The new card is pretty much exactly what one might expect. It has 12 gigabytes of GDDR5X memory running at 11.4 gigabits per second (the previous Titan X had 12 gigabytes of GDDR5X running at 10 gigabits per second), and 3,840 graphics cores (NVIDIA calls them CUDA cores) running at 1.6 gigahertz (up from 3,584 on the previous Titan X).
What's perhaps unexpected is that it's out so soon following the launch of the GeForce GTX 1080 Ti last month. Let's go over what this launch means for NVIDIA.
Keeping the Titan brand great
In previous generations, NVIDIA's Titan graphics cards would represent the company's unequivocal best graphics cards for gaming. However, over time, NVIDIA would bring those capabilities to its highest-end GeForce GTX cards for lower prices than the corresponding Titan cards, making said Titan products pointless.

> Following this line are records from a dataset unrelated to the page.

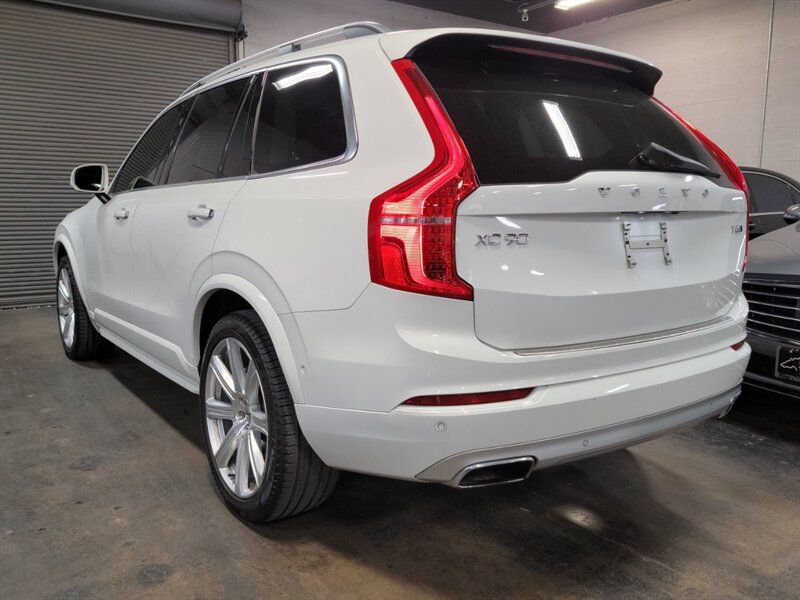 2018 VOLVO XC90 MOMENTUM YV4A22PK1J1352773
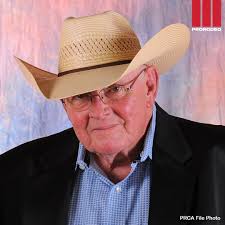 Legendary stock contractor Donnie Hutsell passes away at 80. Read More Here  >>> https://bit.ly/4fFWaXH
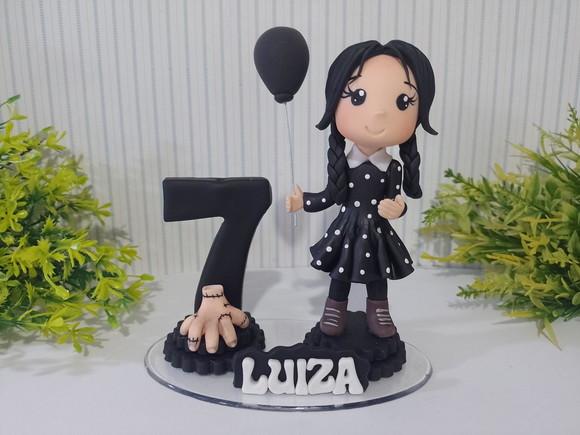 Topo Wandinha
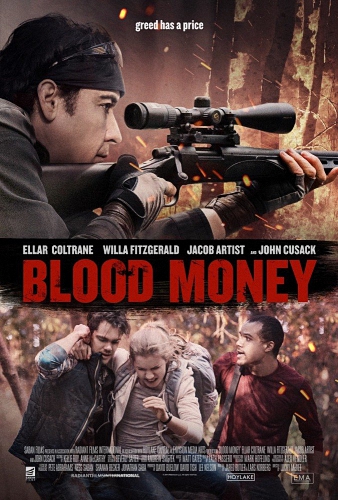     / Blood Money MVO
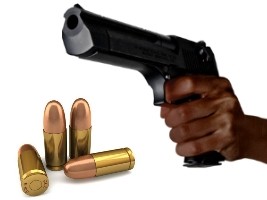 Haïti - FLASH : Fusillade au Champ de mars, 2 morts, un blessé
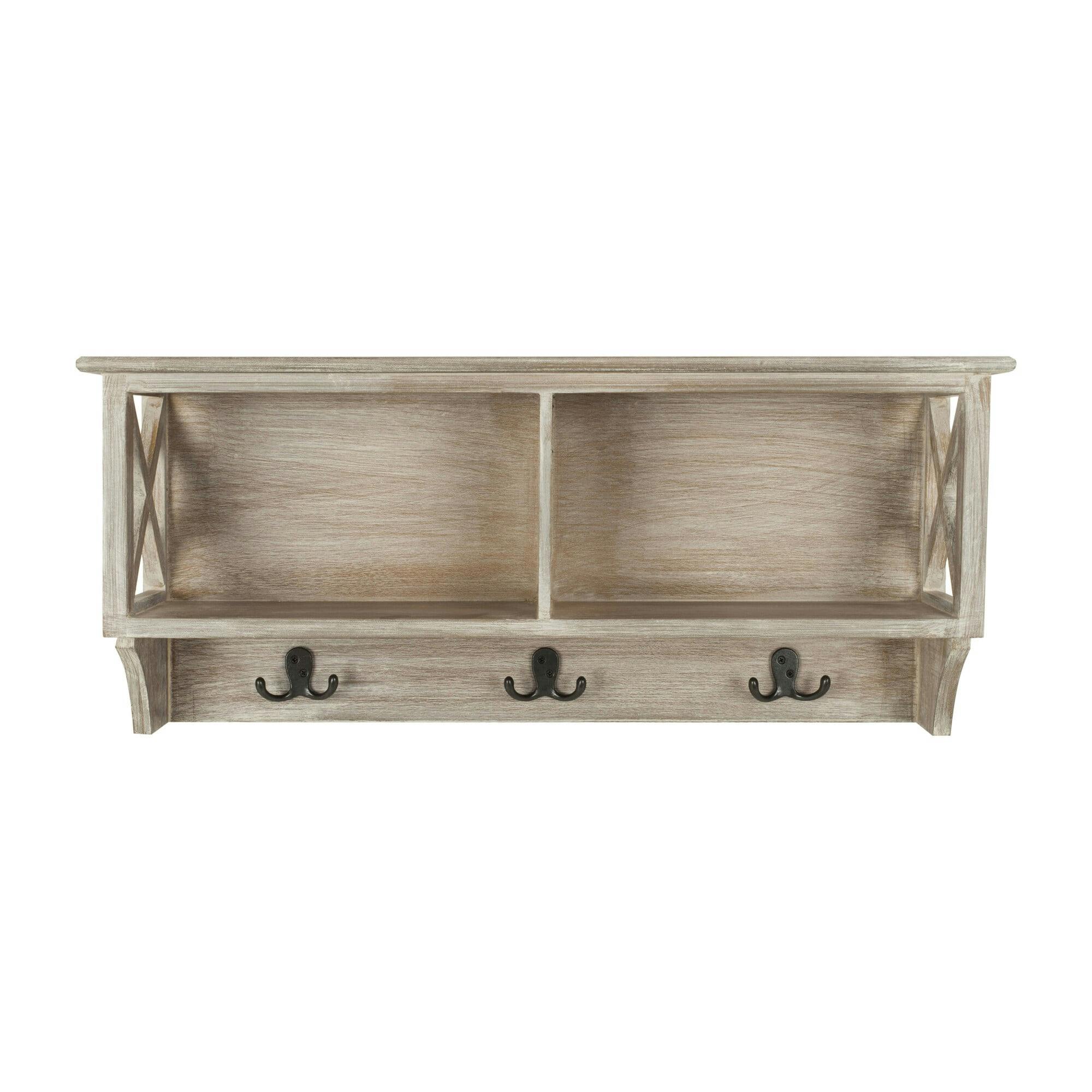 Freya Hanging Storage Wall Rack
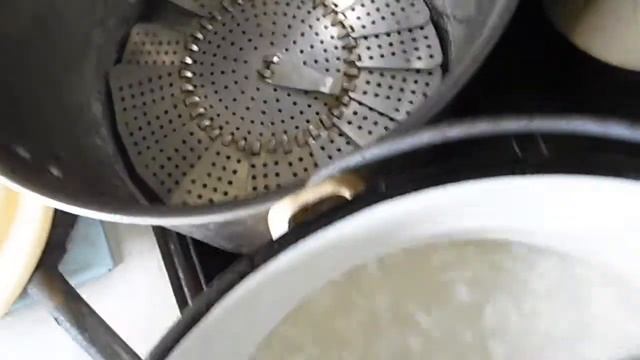 Сыр качотта Первый блин Рецепт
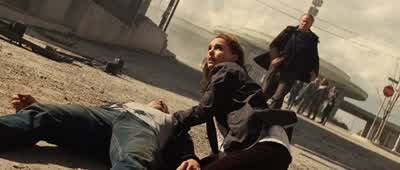 - No. No. No! - Come! - Thor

Indeed, last month NVIDIA launched the GeForce GTX 1080 Ti for $699 which ultimately delivered the same or better performance as the $1,200 Titan X card launched in late July of 2016. Nobody in their right minds would buy that Titan X card once the 1080 Ti card launched, and NVIDIA knows that.
To that end, I expected NVIDIA to launch a fully enabled GP102 chip (the previous Titan X and 1080 Ti use a partially disabled version of the GP102 chip) under the Titan branding at some point to keep the Titan branding relevant (and, of course, to keep selling $1,200 graphics cards). The fact that the new Titan is here so soon, though, is a pleasant surprise and reflects positively on NVIDIA's ability to understand and serve its highest-paying customers.
A few stray observations
What I think is most telling, though, is the fact that NVIDIA rushed to update its Titan line via press release rather than, say, wait for its May GPU Technology Conference or some other "big" gaming/graphics related event to release the new card.
What this tells me is that the Titan-branded products have gone from essentially a "really profitable niche" to a core brand and product line that the company is determined to continue to support and keep current. In my view, this means that sales of the prior-generation Titan X were probably quite robust (since, after all, NVIDIA probably wouldn't care that much if it only sold a handful of these chips).
Another thing to keep in mind is that the GP102 chip that powers the old Titan X, GeForce GTX 1080 Ti, and new Titan Xp is a chip that NVIDIA sells to data center customers as well as its professional visualization customers. It's also quite large and thus relatively difficult to manufacture.
If NVIDIA can now spare the fully enabled GP102 chips to sell to prosumers/gamers for prices lower than it would likely get selling them as professional graphics processors, then it's likely that its manufacturing yields (and thus supply) of these fully capable chips is reasonable.